The bill is sponsored by Republican State Reps. Renee Kosel (Mokena); Ron Stephens (Greenville); Raymond Poe (Springfield); Jerry L. Mitchell (Rock Falls) and Sidney H. Mathias (Arlington Heights).
It will be debated Wednesday in the House Judiciary Committee in Springfield. State Rep. Jay Hoffman (D-Collinsville) is the only Metro-East legislator serving on the committee.
Trover said he hopes the survey results will push legislators to vote for the "common sense standards" contained in HB1896.
"If legislators vote against this bill, they are defying the wishes of Illinois physicians and are voting to keep junk science in our courts," he said.
Conducted by the Center for Survey Research and Analysis at the University of Virginia, the survey interviewed doctors among a broad range of specialty.

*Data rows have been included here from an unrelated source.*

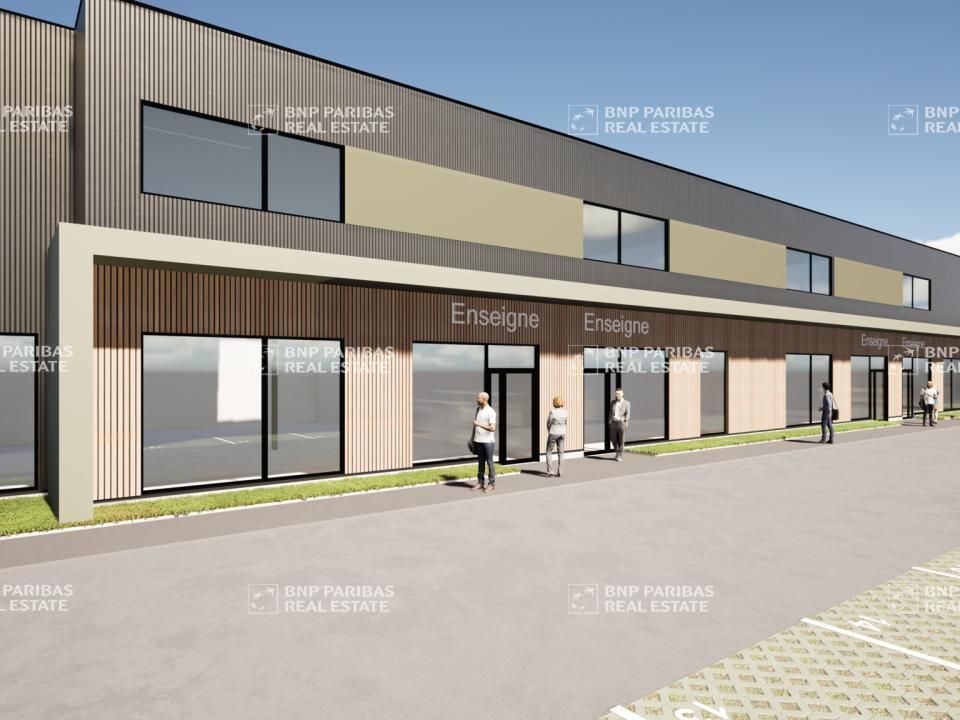 Vente Activité 2670 m² divisibles 67117 Ittenheim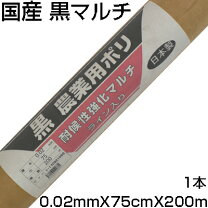 楽天市場】黒マルチ 75cmの通販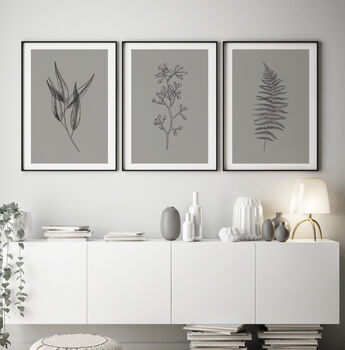 Floral Set Of Three Line Art Botanical Prints, 5 of 12
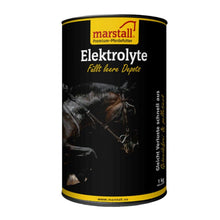 Marstall Elektrolyte 1 kg pelletiert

Other findings include:
Illinois physicians are almost twice as likely to believe lawyers who argue a case place "a lot" of importance on a physician's willingness to adapt medical findings to support the lawyer's case (66%) compared to the physician's qualifications within a particular medical specialty.
Nearly all physicians in the state (97%) believe it is unethical for medical expert witnesses to receive payment contingent upon the outcome of their testimony.
Almost all physicians (94%) support the creation of a new code that will ensure that only those who are truly qualified are serving as expert witnesses.